Church saves historic Botany Bay beachfront property

Primrose House has sold for around $15 million.
Primrose House has sold for around $15 million.

The Presbyterian Church is believed to have paid more than $15 million to keep historic Botany Bay property Primrose House out of the hands of developers.

The church’s Property Trust coughed up the significant sum to secure the Dolls Point property, which had attracted interest from residential developers, childcare operators, hotel operators and schools, after Government Property NSW elected to sell it.

Primrose House was built in 1891 and used as a Red Cross repatriation hospital for the war wounded from 1913 to 1936.

It was also used as a private boys’ school, a club, a private home and a hotel, but was eventually sold to St George Hospital in 1936.

Property NSW executive director of commercial transactions, Dennis Szabo, says the church’s commitment to preserving the property’s unique history and preparedness to match developers on price made it the standout bidder.

Primrose House attracted significant developer interest.

Primrose House attracted significant developer interest.

“We encouraged prospective purchasers to consider how they could preserve the heritage significance of the site, and options for its adaptive re-use,’’ Szabo says.

“This is a good example of a government-owned site which is underutilised and no longer fit for purpose. The proceeds from the sale will be redirected to better infrastructure or improved service delivery.”

Dolls Point residents lobbied heavily for the preservation of the property when they discovered it was to be sold.

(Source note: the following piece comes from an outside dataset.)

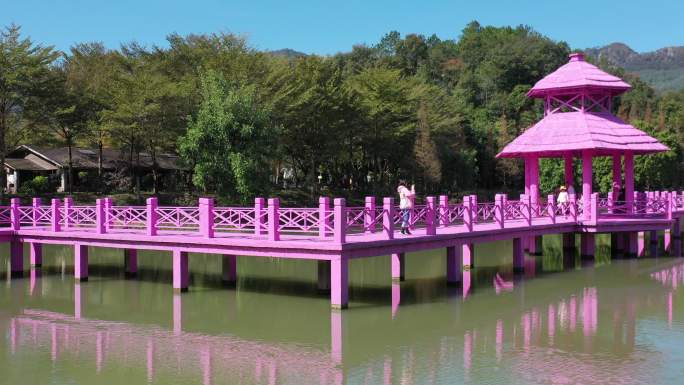 佛冈田野绿世界湖上水榭长廊粉红色幸福桥3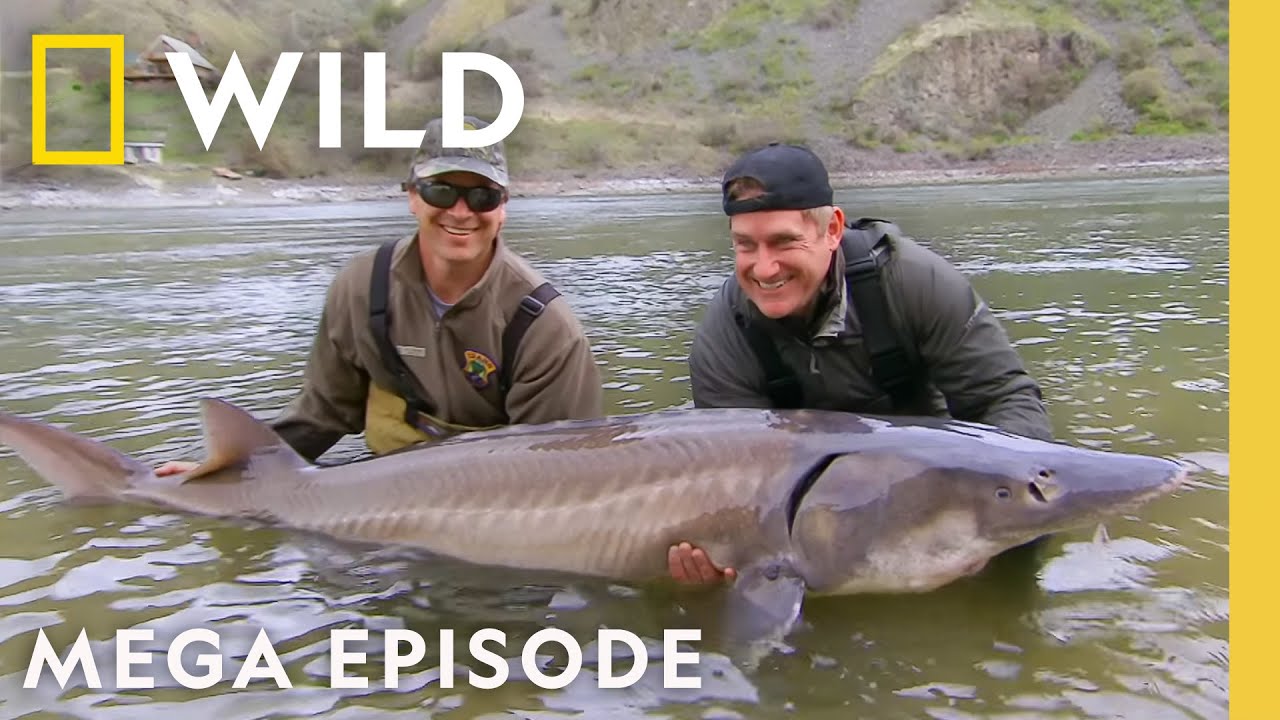 Dangerous Encounters: Face to Face with Death | MEGA EPISODE | Nat Geo Animals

Savills’ Stuart Cox, Neil Cooke and Johnathon Broome ran the marketing campaign, and Cox says the church had stiff competition for the building and the prime land it sits on.

“Rarely does a circa 6000sqm parcel of beachfront land situated within such close proximity to the Sydney CBD and all local amenities, get offered to the market,” Cox says.

“This was one of those rare occasions and the market response was predictably enormous with the purchaser paying well above expectations.”